[Input Boundary: Start]

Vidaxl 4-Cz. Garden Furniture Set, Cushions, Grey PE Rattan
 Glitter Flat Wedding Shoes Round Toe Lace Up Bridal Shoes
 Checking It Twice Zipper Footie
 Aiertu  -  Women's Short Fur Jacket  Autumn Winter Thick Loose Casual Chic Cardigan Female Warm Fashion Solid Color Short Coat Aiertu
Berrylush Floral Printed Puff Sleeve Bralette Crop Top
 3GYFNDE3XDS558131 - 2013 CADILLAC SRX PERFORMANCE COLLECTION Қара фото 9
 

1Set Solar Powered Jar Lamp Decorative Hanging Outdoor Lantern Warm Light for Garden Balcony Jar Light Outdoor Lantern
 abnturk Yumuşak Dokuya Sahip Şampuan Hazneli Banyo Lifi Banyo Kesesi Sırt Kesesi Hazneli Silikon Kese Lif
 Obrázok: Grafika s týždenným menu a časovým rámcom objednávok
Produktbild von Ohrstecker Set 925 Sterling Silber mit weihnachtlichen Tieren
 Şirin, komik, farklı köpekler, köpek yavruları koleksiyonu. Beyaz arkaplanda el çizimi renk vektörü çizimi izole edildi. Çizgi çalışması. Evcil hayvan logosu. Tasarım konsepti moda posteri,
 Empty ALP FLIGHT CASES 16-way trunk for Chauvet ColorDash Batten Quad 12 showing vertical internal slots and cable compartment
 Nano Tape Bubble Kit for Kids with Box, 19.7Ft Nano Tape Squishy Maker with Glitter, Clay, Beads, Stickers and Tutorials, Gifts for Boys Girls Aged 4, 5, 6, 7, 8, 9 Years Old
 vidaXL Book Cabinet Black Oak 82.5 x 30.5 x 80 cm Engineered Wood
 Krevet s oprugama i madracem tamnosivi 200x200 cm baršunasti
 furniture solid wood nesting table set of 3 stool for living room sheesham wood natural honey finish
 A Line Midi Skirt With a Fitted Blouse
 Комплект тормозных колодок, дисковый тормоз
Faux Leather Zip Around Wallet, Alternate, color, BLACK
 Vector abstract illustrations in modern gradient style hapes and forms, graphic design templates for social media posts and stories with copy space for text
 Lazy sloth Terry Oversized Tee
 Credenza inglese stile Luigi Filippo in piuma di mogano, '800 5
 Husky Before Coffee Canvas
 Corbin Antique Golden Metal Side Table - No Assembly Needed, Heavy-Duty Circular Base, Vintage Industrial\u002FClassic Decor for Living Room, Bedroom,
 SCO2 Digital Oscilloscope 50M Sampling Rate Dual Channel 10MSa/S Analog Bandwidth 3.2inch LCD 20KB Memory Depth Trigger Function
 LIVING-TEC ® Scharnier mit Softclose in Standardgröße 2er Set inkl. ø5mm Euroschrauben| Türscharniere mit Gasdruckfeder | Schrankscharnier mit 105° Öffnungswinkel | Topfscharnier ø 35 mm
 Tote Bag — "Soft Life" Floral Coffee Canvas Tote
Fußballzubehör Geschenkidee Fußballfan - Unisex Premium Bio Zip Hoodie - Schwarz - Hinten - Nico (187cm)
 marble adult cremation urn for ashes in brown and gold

[Input Boundary: End]

Work task
From the entries above, extract only the lines running from the one containing "1Set Solar Powered" through the one containing "SCO2 Digital Oscilloscope", inclusive.

Answer to this task
1Set Solar Powered Jar Lamp Decorative Hanging Outdoor Lantern Warm Light for Garden Balcony Jar Light Outdoor Lantern
 abnturk Yumuşak Dokuya Sahip Şampuan Hazneli Banyo Lifi Banyo Kesesi Sırt Kesesi Hazneli Silikon Kese Lif
 Obrázok: Grafika s týždenným menu a časovým rámcom objednávok
Produktbild von Ohrstecker Set 925 Sterling Silber mit weihnachtlichen Tieren
 Şirin, komik, farklı köpekler, köpek yavruları koleksiyonu. Beyaz arkaplanda el çizimi renk vektörü çizimi izole edildi. Çizgi çalışması. Evcil hayvan logosu. Tasarım konsepti moda posteri,
 Empty ALP FLIGHT CASES 16-way trunk for Chauvet ColorDash Batten Quad 12 showing vertical internal slots and cable compartment
 Nano Tape Bubble Kit for Kids with Box, 19.7Ft Nano Tape Squishy Maker with Glitter, Clay, Beads, Stickers and Tutorials, Gifts for Boys Girls Aged 4, 5, 6, 7, 8, 9 Years Old
 vidaXL Book Cabinet Black Oak 82.5 x 30.5 x 80 cm Engineered Wood
 Krevet s oprugama i madracem tamnosivi 200x200 cm baršunasti
 furniture solid wood nesting table set of 3 stool for living room sheesham wood natural honey finish
 A Line Midi Skirt With a Fitted Blouse
 Комплект тормозных колодок, дисковый тормоз
Faux Leather Zip Around Wallet, Alternate, color, BLACK
 Vector abstract illustrations in modern gradient style hapes and forms, graphic design templates for social media posts and stories with copy space for text
 Lazy sloth Terry Oversized Tee
 Credenza inglese stile Luigi Filippo in piuma di mogano, '800 5
 Husky Before Coffee Canvas
 Corbin Antique Golden Metal Side Table - No Assembly Needed, Heavy-Duty Circular Base, Vintage Industrial\u002FClassic Decor for Living Room, Bedroom,
 SCO2 Digital Oscilloscope 50M Sampling Rate Dual Channel 10MSa/S Analog Bandwidth 3.2inch LCD 20KB Memory Depth Trigger Function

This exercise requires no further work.